Monday, October 20, 2003

Breaking "News"

Yesterday's Inquirer had a lengthy and well publicized story in the Arts & Entertainment section about the pathetic state of local television news. Perpetually cranky TV critic Jonathan Storm watched the 11 p.m. newscasts of the CBS, ABC, and NBC affiliates for a full week and concluded, "The shows on Channels 3, 6, and 10 featured platoons of earnest people trying to spread what seemed like a heartfelt belief that viewers couldn't live without their important information. But most of it was worthless: rapid-fire conjecture, self-promotion, celebrity intrigue, and provincial tales of mayhem and tragedy in the daily lives of ordinary people. Only an optimist or a fool watches local news for information on anything but the weather anymore."

To which the entire Inquirer Sunday circulation responded: Well, duh.

Storm may think it's noble to tell us that local TV news is a wasteland of relevant information, but that horse left the barn long ago. Eyewitness News, Action News, News 10 at 11, The Ten O'Clock News, WB17 News at Ten -- call it what you will, just don't call it "news." It's entertainment, really, Access Hollywood wrapped, and not very well at that, in the guise of journalism.

Frankly, Storm's story was neither shocking nor news. Moreover, it's not even useful -- he didn't interview one news director to get his reaction, nor did he offer any suggestions for improvement. Meanwhile, the medium, once parodied so brilliantly by The Simpsons, has regressed so much that even Kent Brockman can't keep up -- or down. I'd revel in the public trashing, except that it won't make one bit of difference. Storm knows it, every "news" director in town knows it, and station management sure as hell knows it.

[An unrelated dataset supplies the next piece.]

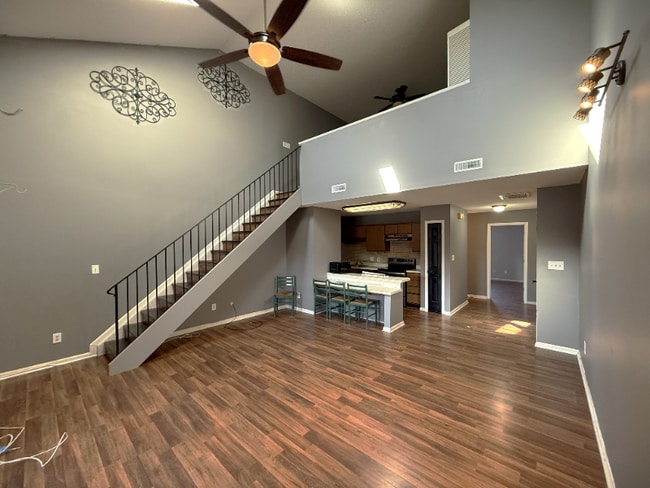 Building Photo - 209 Double Eagle Dr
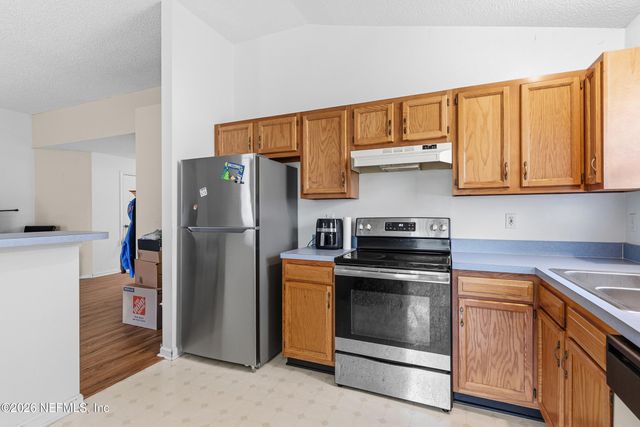 3329 CANCUN Drive E, Jacksonville, FL 32225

The Inquirer has done a nice job under new editor Amanda Bennett of bringing back intelligence and passion to local news coverage, but reading the newspaper takes more effort than watching television. Channel 6's Jim Gardner continues to be seen as a news authority, Channel 10 continues to offer up nice-looking guys with good voices, good suits, good hair, and empty heads, and Channel 3 continues to insist that its smoking-hot new anchor Alycia Lane was tapped for her journalism skills only, and people keep tuning in. The old saying should be changed -- no news is, well, no news.